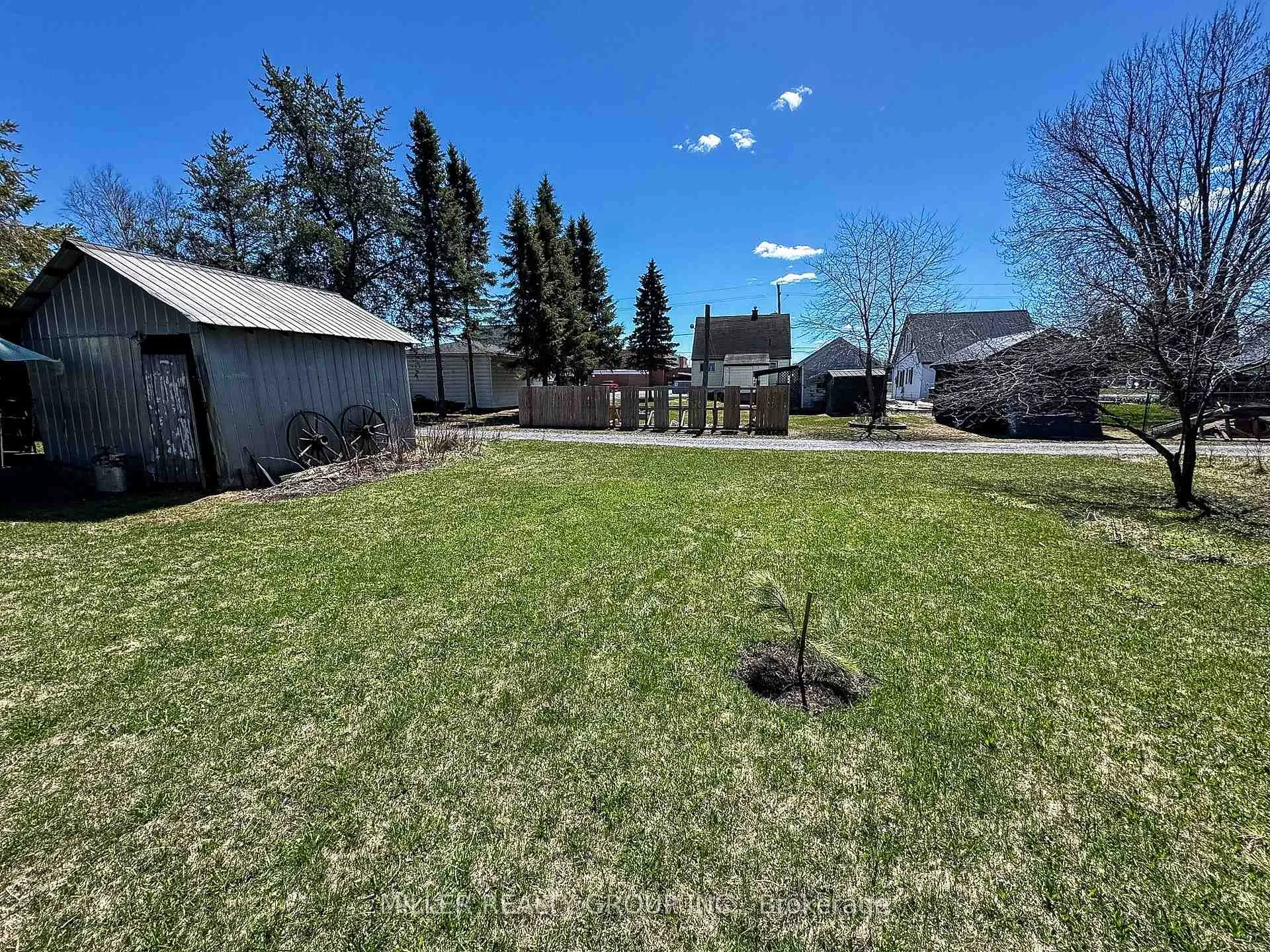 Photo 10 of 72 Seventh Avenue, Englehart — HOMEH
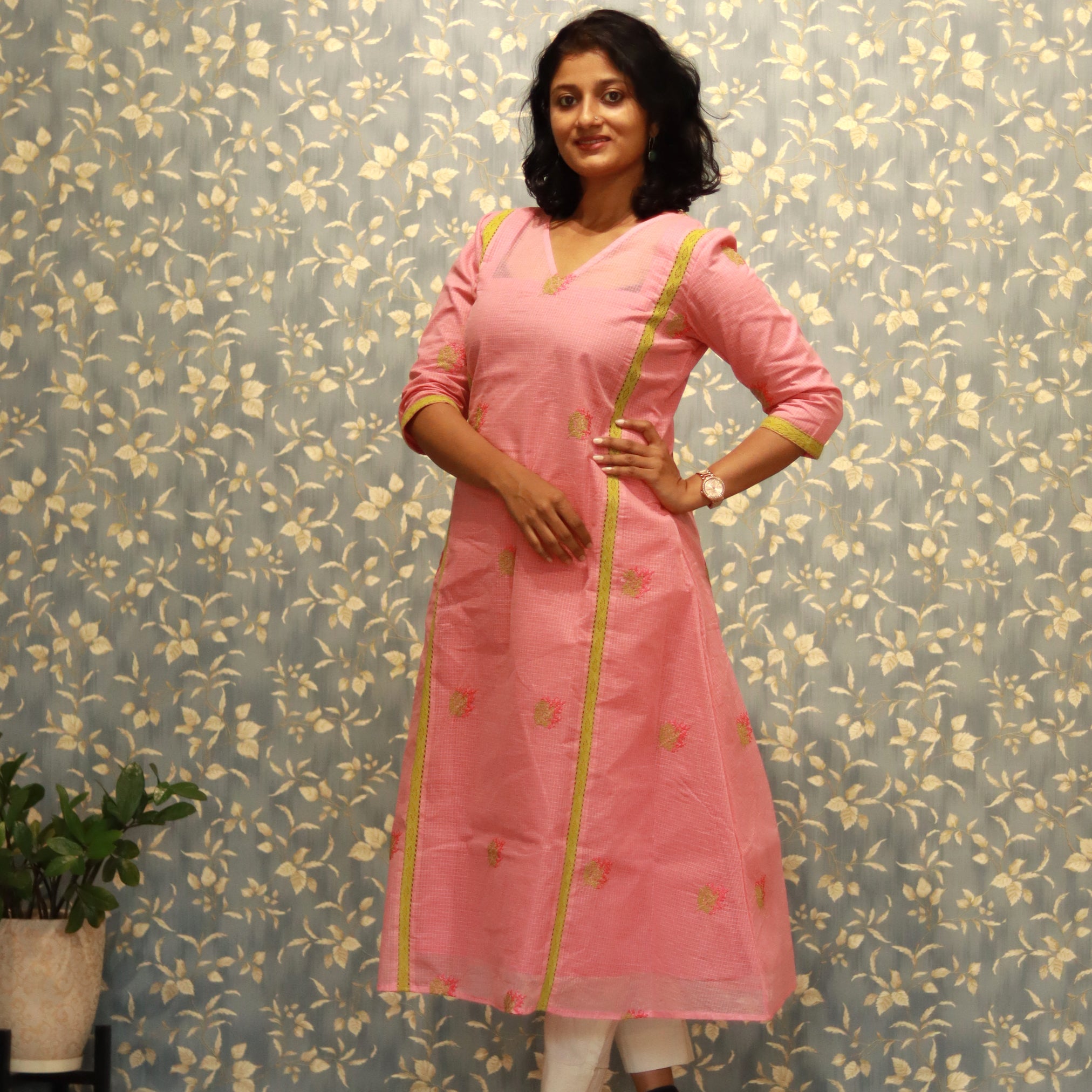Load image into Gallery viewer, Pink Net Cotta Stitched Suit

★ ★ ★ ★ ★

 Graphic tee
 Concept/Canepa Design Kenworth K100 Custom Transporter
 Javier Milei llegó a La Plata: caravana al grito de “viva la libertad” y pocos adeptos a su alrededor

★ ★ ★ ★ ★

▶ _Problem statement_
With pictures omitted, repeat the entries above word for word from the line holding "Photo 10 of" down to the line holding "Load image into", keeping both of those lines.

▶ _Solved problem_
 Photo 10 of 72 Seventh Avenue, Englehart — HOMEH
Load image into Gallery viewer, Pink Net Cotta Stitched Suit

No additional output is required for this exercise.